O livro faz referência ao episódio bíblico de Pedro, o pescador transformado em apóstolo por Jesus Cristo. Vilela conta que o livro fará jus à fama de suas histórias que sempre acabam de modo trágico. E diz que a citação à Bíblia nada tem a ver com afetações “pós-modernosas” (“Acho isso uma chatura”) e funciona mais como um ponto de partida para o enredo.
Desnecessária
“Essa pergunta é terrível e eu não tenho a resposta”, diz Vilela ao ser questionado sobre para que serve a literatura, idéia que costuma abrir todas as edições do Paiol Literário. “Penso que a resposta é desnecessária e que nunca me fez falta.”

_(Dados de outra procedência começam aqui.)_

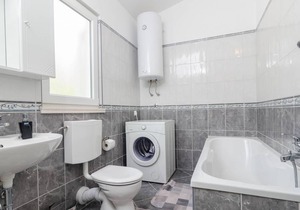 75 m² Apartment ∙ 2 bedrooms ∙ 5 guests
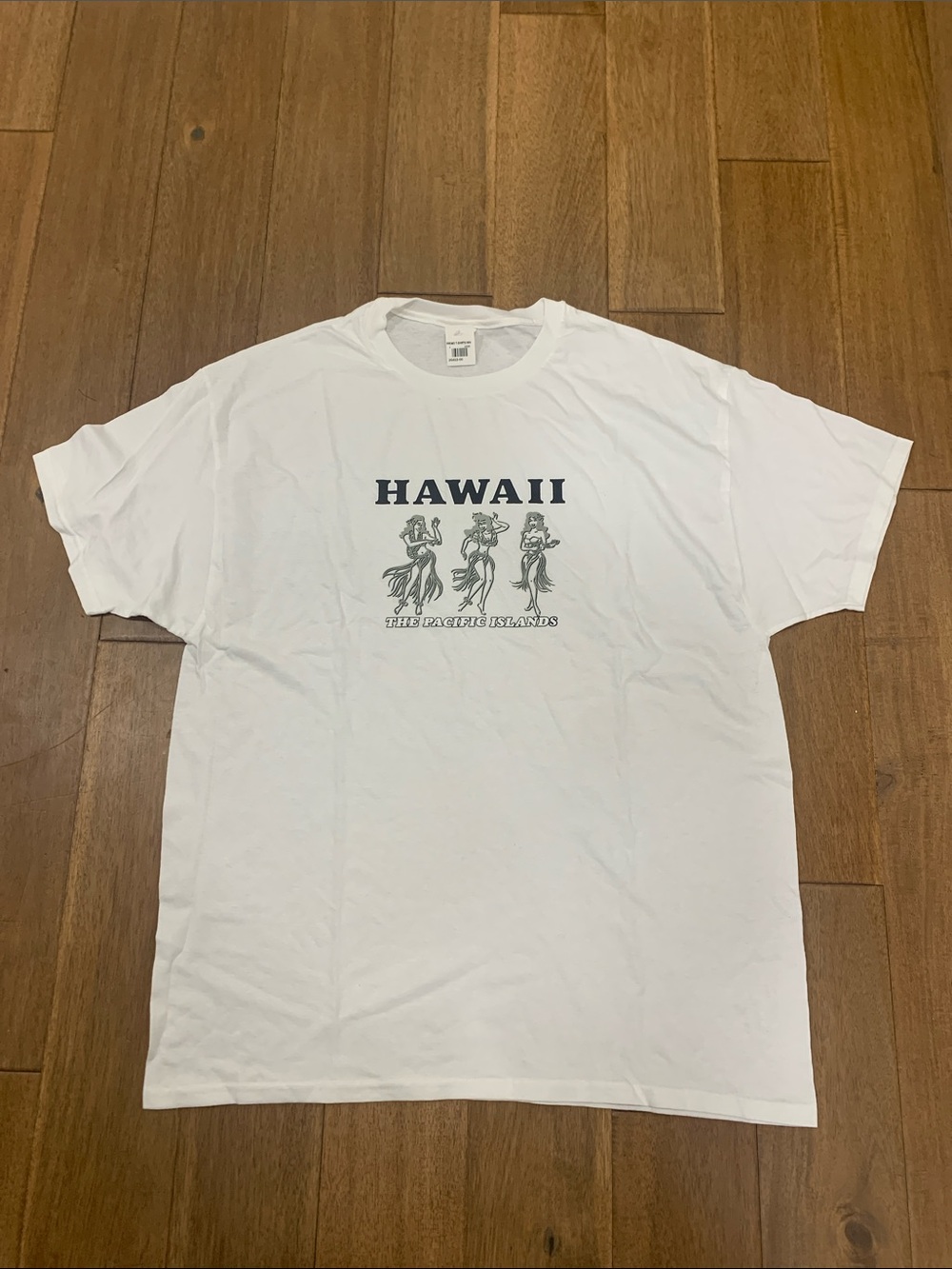 Hanes White Crewneck Hawaii graphic tee Size XL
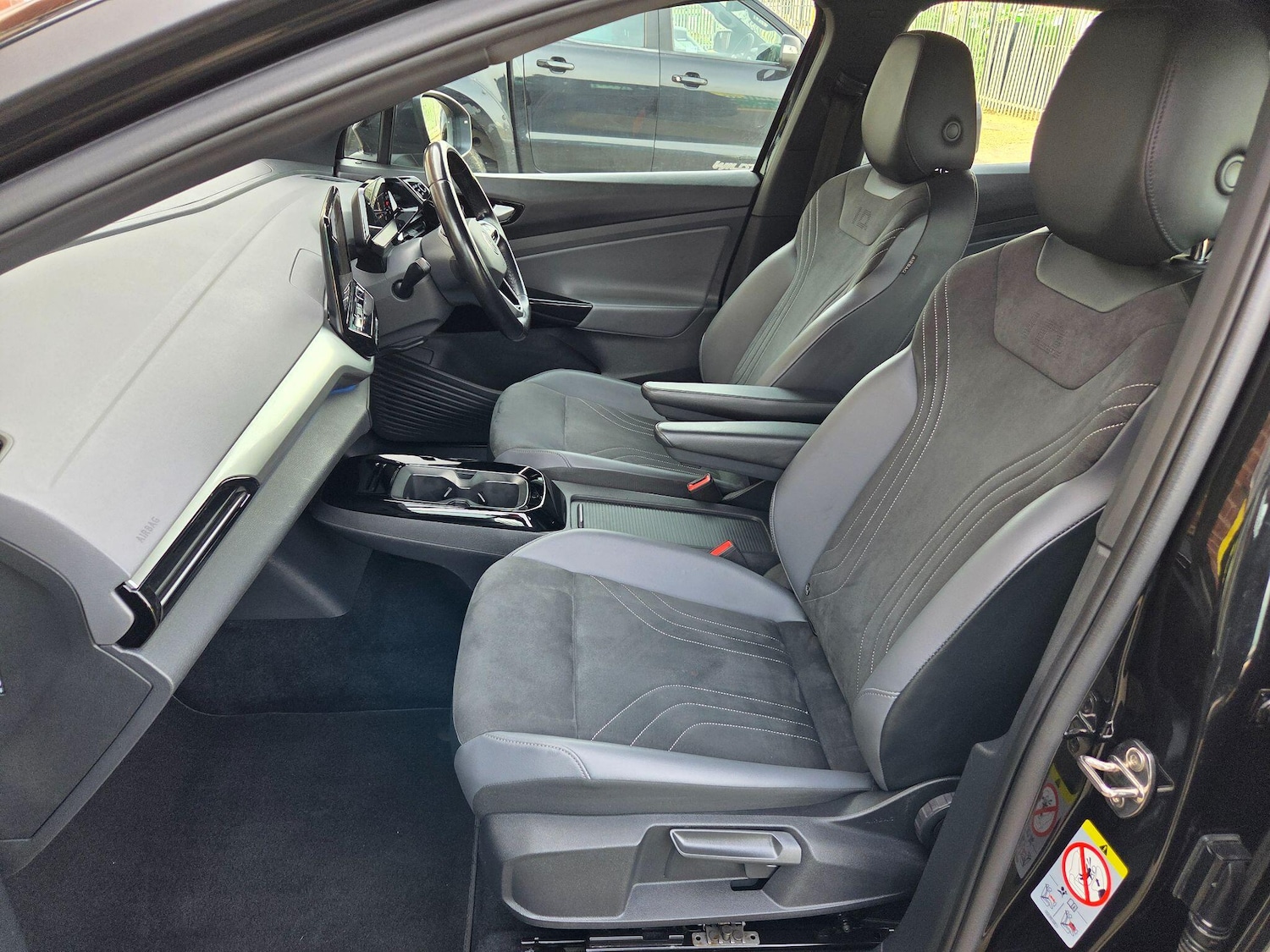 Used Volkswagen ID.4 2021 for sale - 78086784: Photo 11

Vilela tem 64 anos, é um entusiasta dos eventos literários e acha que qualquer iniciativa que procura divulgar a literatura “se justifica”. Porém, defende que “nada substitui o contato do leitor com os livros”. Embora goste do retorno dado pelos leitores, não é nem um pouco ansioso por tecnologias que tornem essa relação mais fácil ou freqüente demais. “Terceirizei tudo”, brinca. Não usa celular (“É uma coleira”), não tem computador nem e-mail. Escreve seus livros somente à mão e, depois de terminar a primeira versão, entrega para alguém digitá-la. Dessa forma, acredita que consegue ter os benefícios da tecnologia sem aturar a dor de cabeça que a acompanha.